I love myself plenty.  I’m just trying to answer the ultimate Talking Heads question (“Well, how did I get here?”), without the beautiful house, the beautiful wife, and sometimes, without those markers, it’s even harder to understand what kind of life you’re authoring.  I mostly think this IS my beautiful life.

So, thank you, Will Toledo, for reminding me that wondering aloud about these questions is ok: “I think part of being an artist is remaining vulnerable to human opinion,” he reflects. “You always want to hide away the immaturity with yourself, and I guess for me this is a way of refusing myself that luxury.”
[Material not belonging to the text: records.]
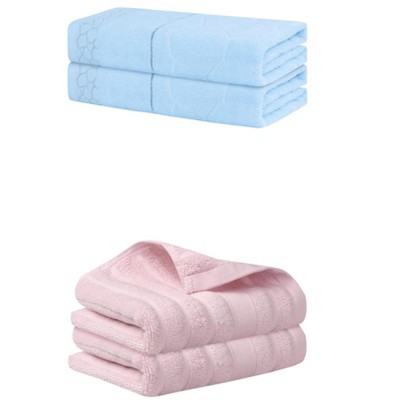 REGALWOVEN Bathroom Gym SPA Cotton Soft Absorbent Bath Hands Towel Set 2 Pcs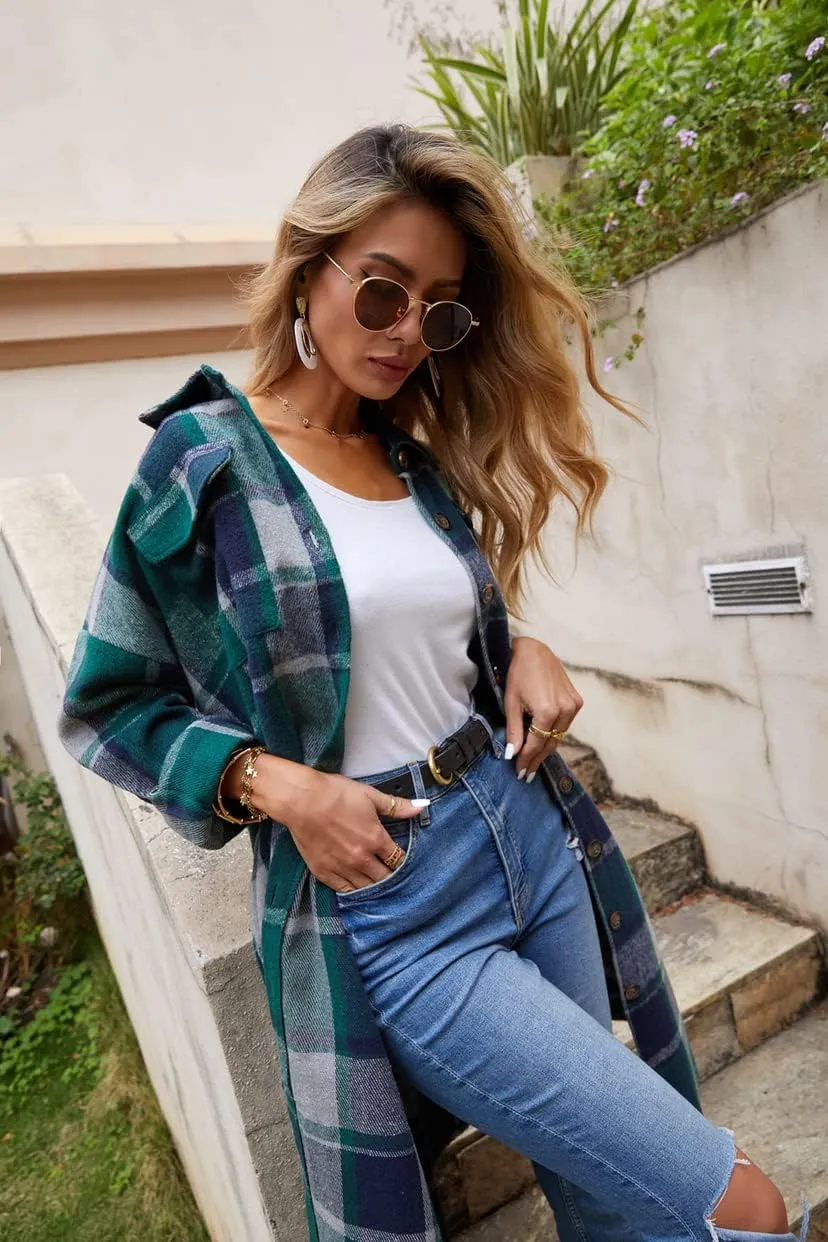 UANEO Plaid Coat Women Button Down Long Plaid Jacket Fall Flannel Trench Coat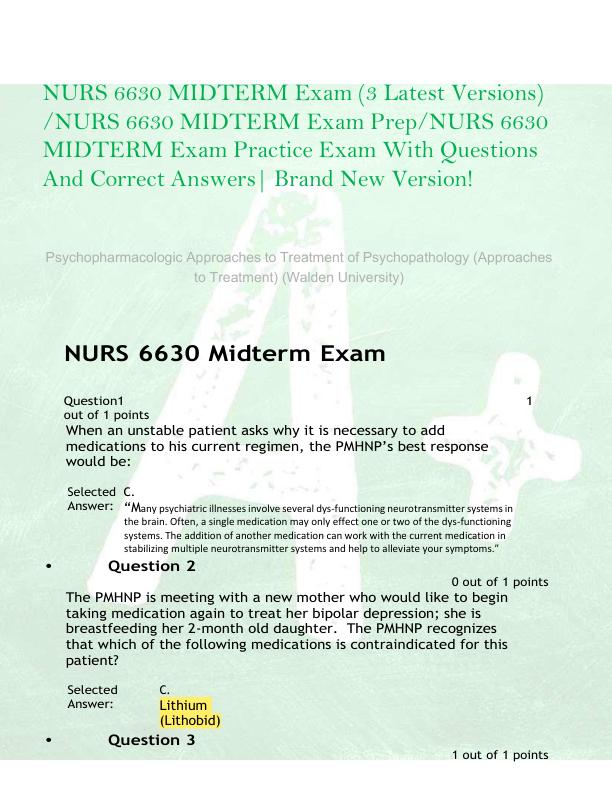 mobile-preview-NURS 6630 MIDTERM Exam (3 Latest Versions)  /NURS 6630 MIDTERM Exam Prep/NURS 6630  MIDTERM Exam Practice Exam With Questions  And Correct Answers| Brand New Version! 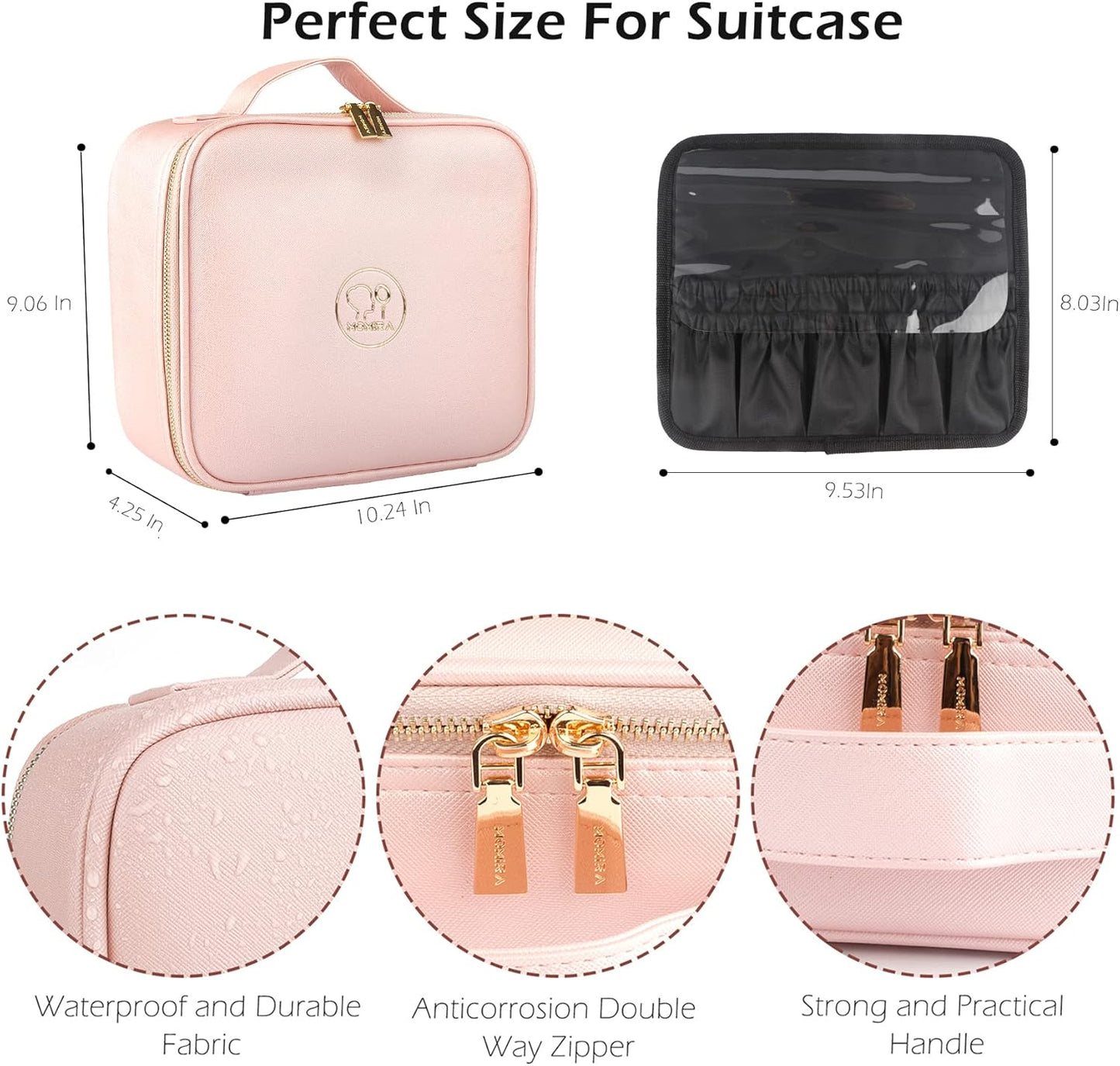 Travel Makeup Bag with Lighted Mirror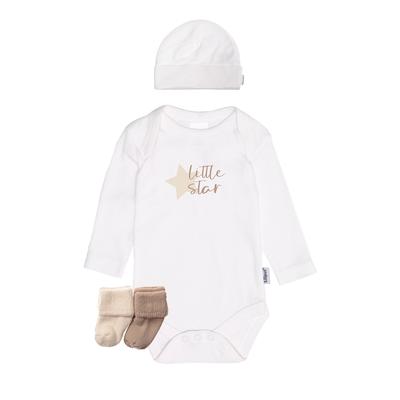 Erstausstattungspaket LILIPUT "Little Star", Baby, Gr. 50/56, weiß (weiß, beige), 100% Baumwolle, casual, KOB Set-Artikel, bestehend aus Body, Mütze und zwei Paar Söckchen Image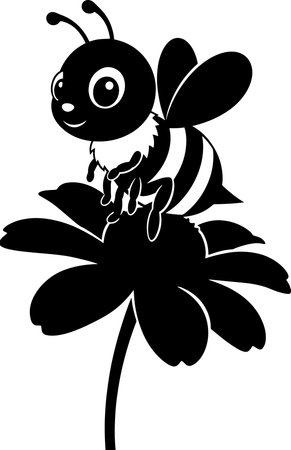 Black and White Cartoon Illustration of Cute Insect Animal for Coloring Bookのイラスト素材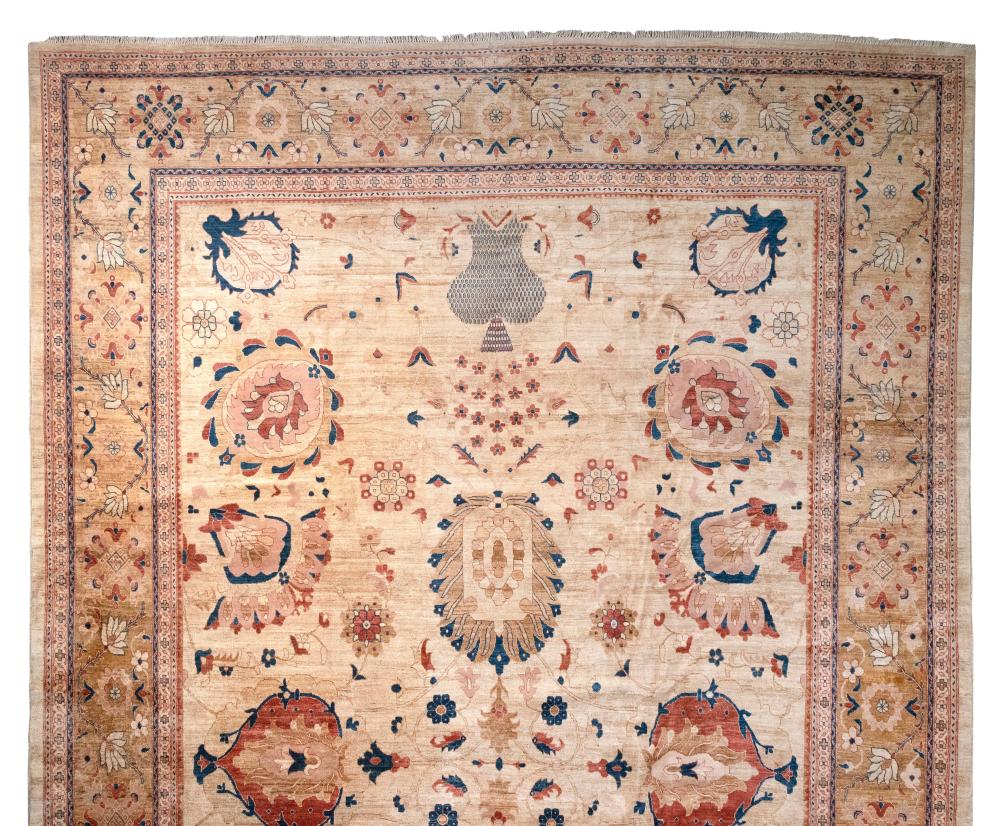 Appraisal: PESHAWAR RUG IN SULTANABAD DESIGN X LATE TH CENTURYPESHAWAR RUG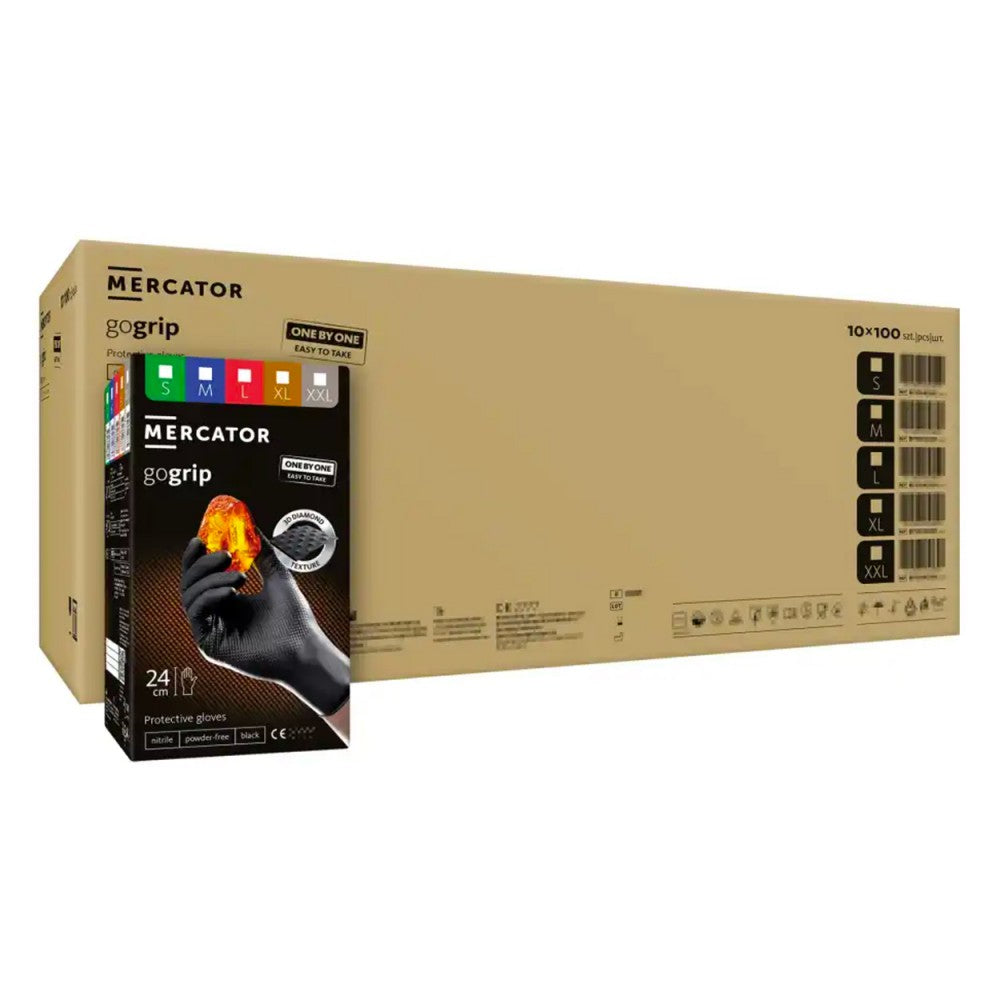 Премиум нитрилни ръкавици MERCATOR GOGRIP ONE BY ONE черни, размер М, комплект 100 бр.
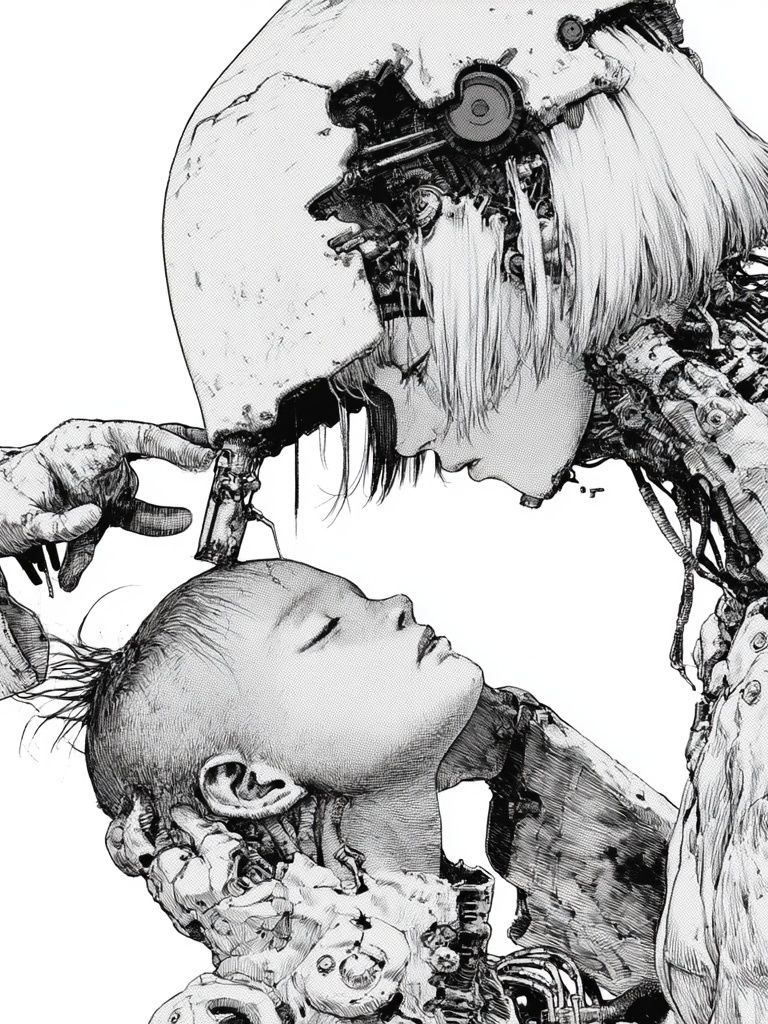 Cybernetic Mother and Child Print. poster — fine-art art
This is me refusing myself that luxury.  2015 was about confrontations and some self-indulgent immaturity and some new maturity and listening to Car Seat Headrest sigh and mumble and scream “you guys got mad skillz / I just got mad.”  And it was boring and peaceful and angry and productive and weird and dark and, sometimes, really, really FUN.  Just like Teens of Style.

Car Seat Headrest’s new album comes out in two days:  Teens of Denial.  I don’t think either Will Toledo or I are in denial about anything.